Short text fragments from websites:
--------------------------------
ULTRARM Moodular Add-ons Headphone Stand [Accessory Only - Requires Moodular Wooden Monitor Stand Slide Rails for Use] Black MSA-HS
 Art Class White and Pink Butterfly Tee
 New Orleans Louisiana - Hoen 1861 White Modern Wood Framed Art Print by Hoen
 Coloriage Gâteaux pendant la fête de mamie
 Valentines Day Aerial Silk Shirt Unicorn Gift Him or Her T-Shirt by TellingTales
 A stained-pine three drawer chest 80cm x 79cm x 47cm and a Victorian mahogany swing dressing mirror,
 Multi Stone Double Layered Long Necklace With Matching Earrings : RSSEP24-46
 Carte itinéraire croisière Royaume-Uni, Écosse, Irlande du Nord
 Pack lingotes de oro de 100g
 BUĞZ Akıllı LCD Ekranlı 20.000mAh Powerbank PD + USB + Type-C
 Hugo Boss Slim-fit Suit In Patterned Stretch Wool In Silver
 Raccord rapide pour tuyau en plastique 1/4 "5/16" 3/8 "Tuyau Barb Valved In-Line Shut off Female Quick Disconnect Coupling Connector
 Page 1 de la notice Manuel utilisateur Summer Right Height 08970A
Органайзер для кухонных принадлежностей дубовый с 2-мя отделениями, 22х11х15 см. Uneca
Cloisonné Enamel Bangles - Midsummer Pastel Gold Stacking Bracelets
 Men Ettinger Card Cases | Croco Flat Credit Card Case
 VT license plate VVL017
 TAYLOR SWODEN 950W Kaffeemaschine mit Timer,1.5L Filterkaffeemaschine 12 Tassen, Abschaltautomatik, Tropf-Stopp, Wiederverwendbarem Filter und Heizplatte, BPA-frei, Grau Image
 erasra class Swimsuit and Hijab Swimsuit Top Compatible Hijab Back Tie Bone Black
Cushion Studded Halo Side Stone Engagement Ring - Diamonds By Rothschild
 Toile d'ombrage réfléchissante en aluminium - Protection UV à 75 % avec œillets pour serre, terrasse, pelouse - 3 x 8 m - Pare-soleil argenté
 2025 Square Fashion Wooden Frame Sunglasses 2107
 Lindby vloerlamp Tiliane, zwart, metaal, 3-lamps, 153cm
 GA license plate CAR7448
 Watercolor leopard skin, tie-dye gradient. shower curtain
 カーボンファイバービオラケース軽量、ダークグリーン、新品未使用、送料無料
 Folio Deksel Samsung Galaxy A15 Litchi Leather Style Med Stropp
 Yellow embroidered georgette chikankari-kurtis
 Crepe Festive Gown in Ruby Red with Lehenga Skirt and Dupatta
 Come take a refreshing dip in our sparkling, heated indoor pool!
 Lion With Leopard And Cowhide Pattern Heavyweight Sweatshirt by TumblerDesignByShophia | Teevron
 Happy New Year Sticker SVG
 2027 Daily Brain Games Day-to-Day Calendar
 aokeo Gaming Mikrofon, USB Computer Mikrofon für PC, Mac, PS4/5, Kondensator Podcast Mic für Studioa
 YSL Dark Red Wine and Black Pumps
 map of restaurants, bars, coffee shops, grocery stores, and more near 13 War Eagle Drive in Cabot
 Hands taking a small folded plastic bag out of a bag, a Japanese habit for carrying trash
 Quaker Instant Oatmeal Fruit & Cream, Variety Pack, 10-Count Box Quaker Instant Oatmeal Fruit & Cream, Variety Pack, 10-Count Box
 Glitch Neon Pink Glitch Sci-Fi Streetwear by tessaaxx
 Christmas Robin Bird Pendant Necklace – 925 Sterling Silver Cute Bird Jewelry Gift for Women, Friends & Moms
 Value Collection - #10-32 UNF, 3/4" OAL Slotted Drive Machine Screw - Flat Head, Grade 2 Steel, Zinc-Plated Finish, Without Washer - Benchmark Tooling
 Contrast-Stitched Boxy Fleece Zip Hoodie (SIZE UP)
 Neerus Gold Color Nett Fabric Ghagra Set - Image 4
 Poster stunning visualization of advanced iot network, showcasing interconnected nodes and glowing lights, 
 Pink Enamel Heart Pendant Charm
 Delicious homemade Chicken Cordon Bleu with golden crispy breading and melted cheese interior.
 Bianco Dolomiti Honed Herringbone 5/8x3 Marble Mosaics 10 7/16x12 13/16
--------------------------------
Your goal:
Only the lines above starting with the one with "TAYLOR SWODEN 950W" and going through the one with "Cushion Studded Halo" are to be copied, word for word and with both ends kept.

Answer to the problem:
 TAYLOR SWODEN 950W Kaffeemaschine mit Timer,1.5L Filterkaffeemaschine 12 Tassen, Abschaltautomatik, Tropf-Stopp, Wiederverwendbarem Filter und Heizplatte, BPA-frei, Grau Image
 erasra class Swimsuit and Hijab Swimsuit Top Compatible Hijab Back Tie Bone Black
Cushion Studded Halo Side Stone Engagement Ring - Diamonds By Rothschild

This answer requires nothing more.